━━ INPUT DATA ━━

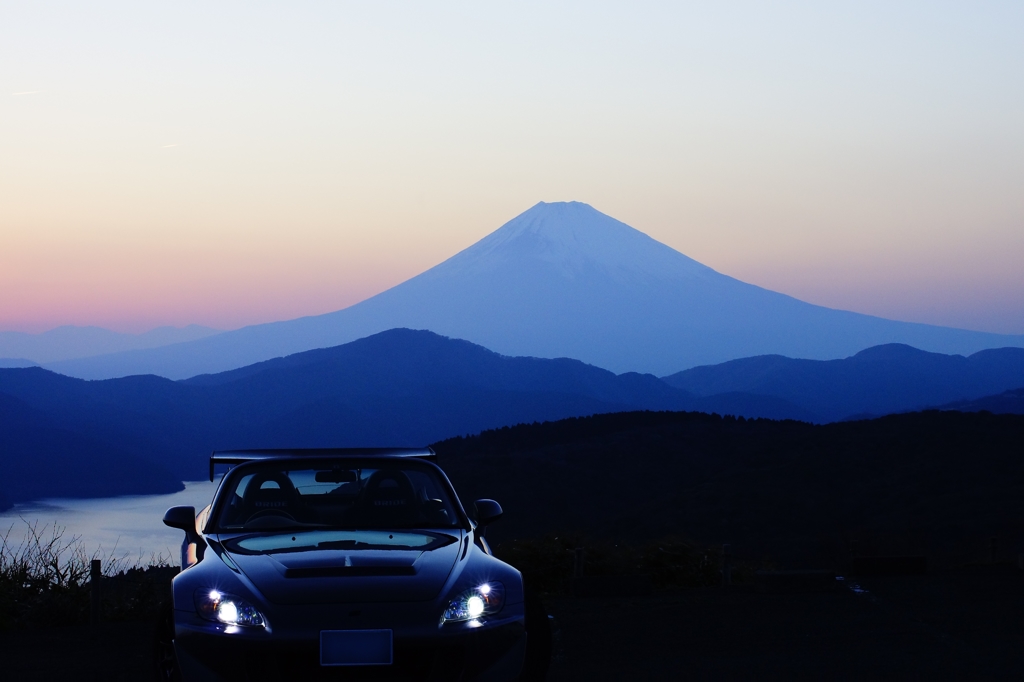 S2000と富士山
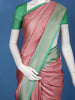Dark Pink Floral Design Silk Saree - Diadem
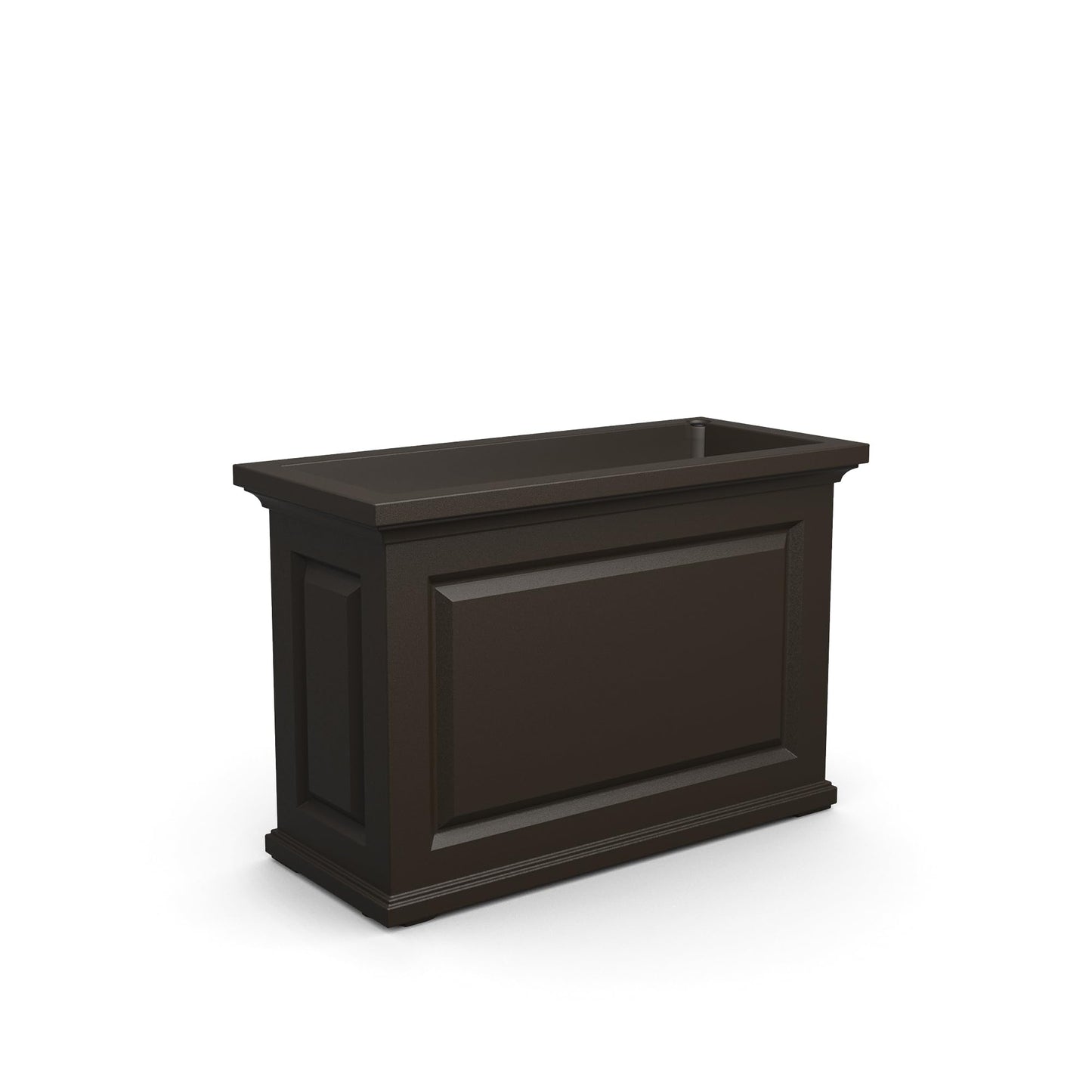 Mayne Nantucket Trough Planter – Self-Watering, Weather-Resistant Planter for Flowers – Durable Outdoor Design for Patio, Porch, or Entryway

━━━

### DESCRIPTION OF THE TASK
When you reproduce the material, keep every word exact and leave each picture out.

### EXERCISE ANSWER
 S2000と富士山
Dark Pink Floral Design Silk Saree - Diadem
 Mayne Nantucket Trough Planter – Self-Watering, Weather-Resistant Planter for Flowers – Durable Outdoor Design for Patio, Porch, or Entryway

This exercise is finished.